> **Task material**
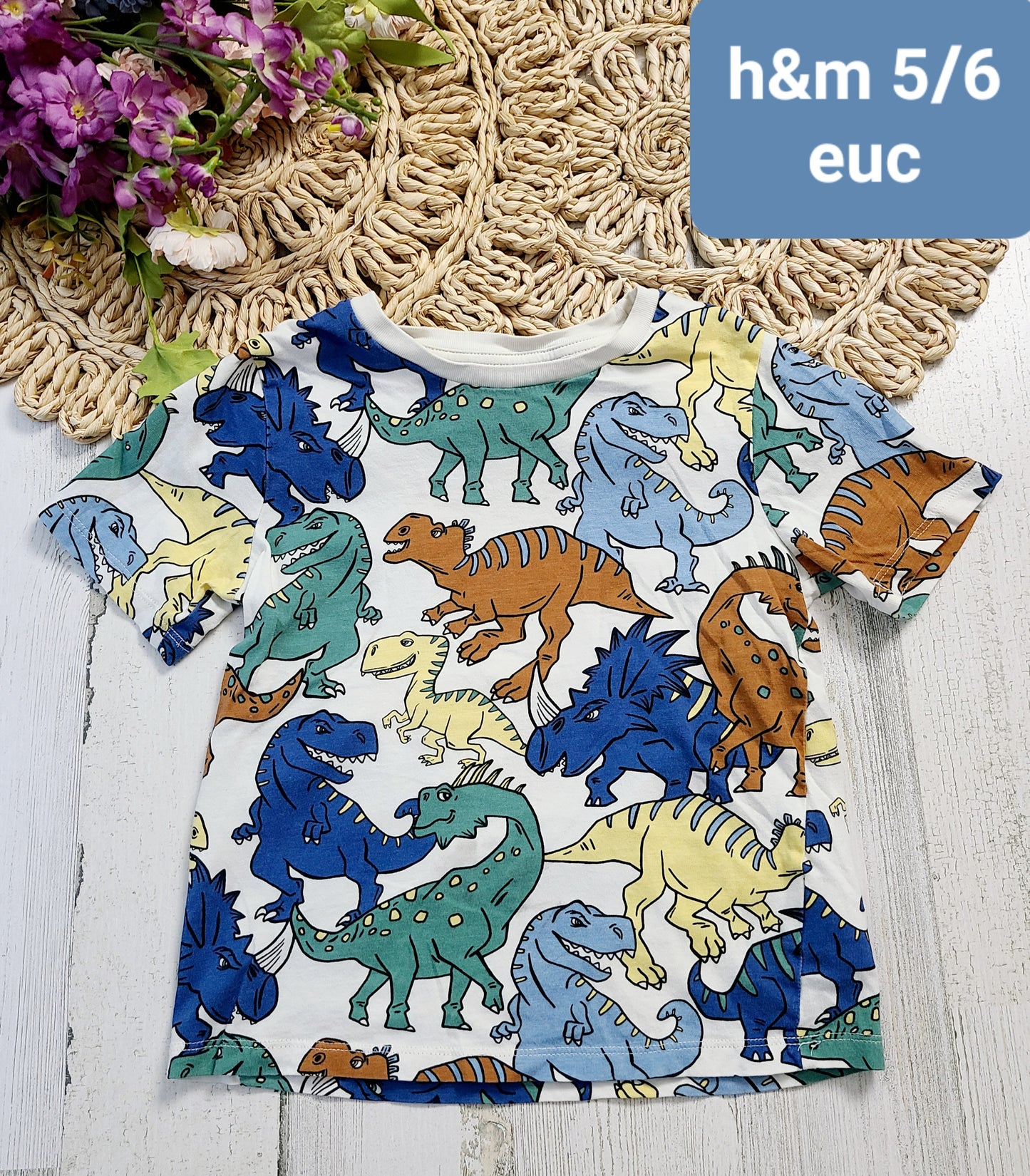 h&m 5/6 dinosaurs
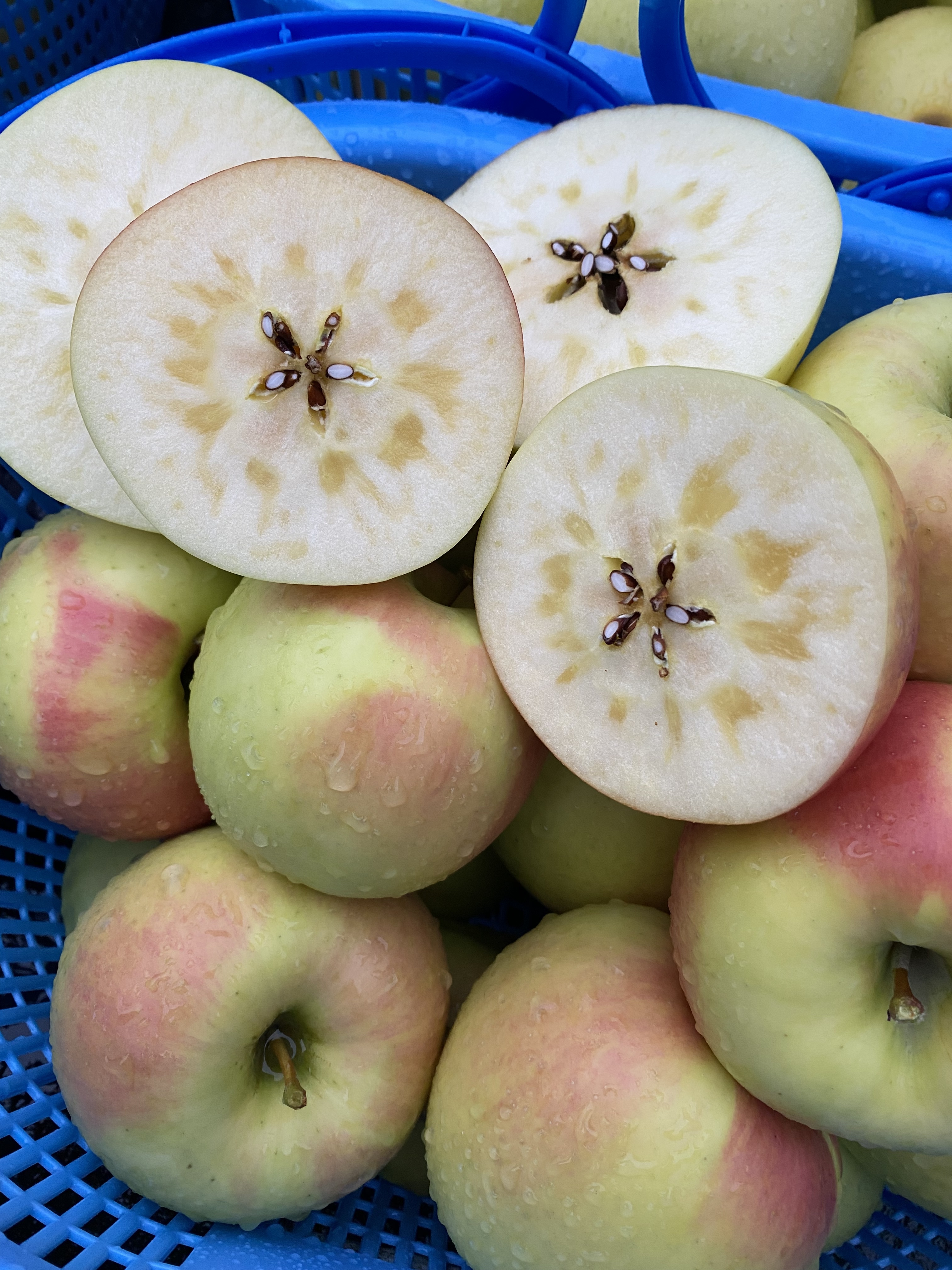 マツコの知らない世界で紹介【名月】青森県産｜りんごの商品詳細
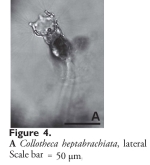 Collotheca heptabrachiata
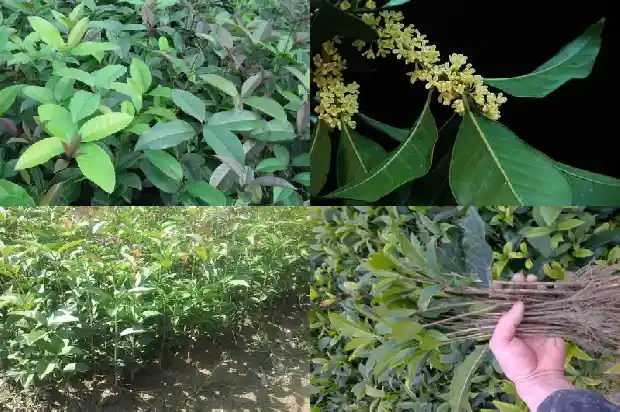 天香台阁桂花有几种颜色的花1684976732334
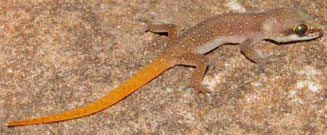 Pachydactylus punctatus (Speckled thick-toed gecko)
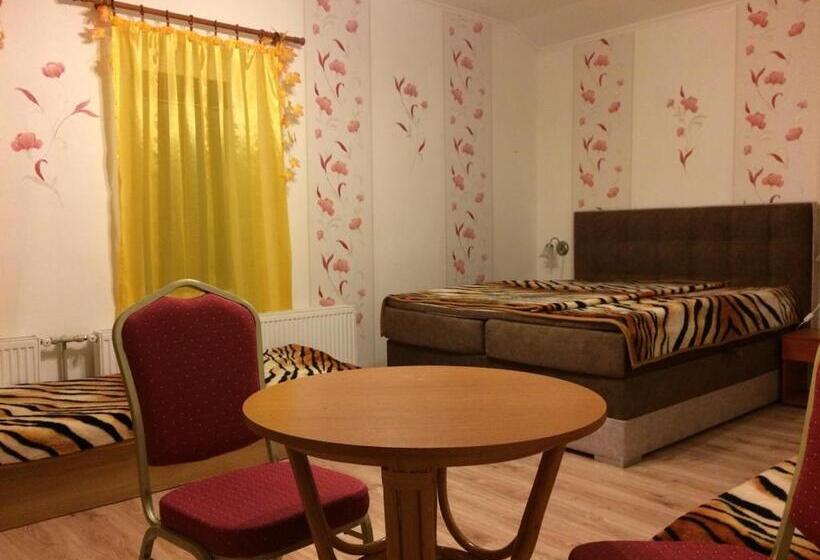 חדר סטודיו סטנדרד, Adria Penzión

> **Activity**
Omit each image and transcribe the remaining records word for word.

> **Final answer**
 h&m 5/6 dinosaurs
 マツコの知らない世界で紹介【名月】青森県産｜りんごの商品詳細
 Collotheca heptabrachiata
 天香台阁桂花有几种颜色的花1684976732334
 Pachydactylus punctatus (Speckled thick-toed gecko)
 חדר סטודיו סטנדרד, Adria Penzión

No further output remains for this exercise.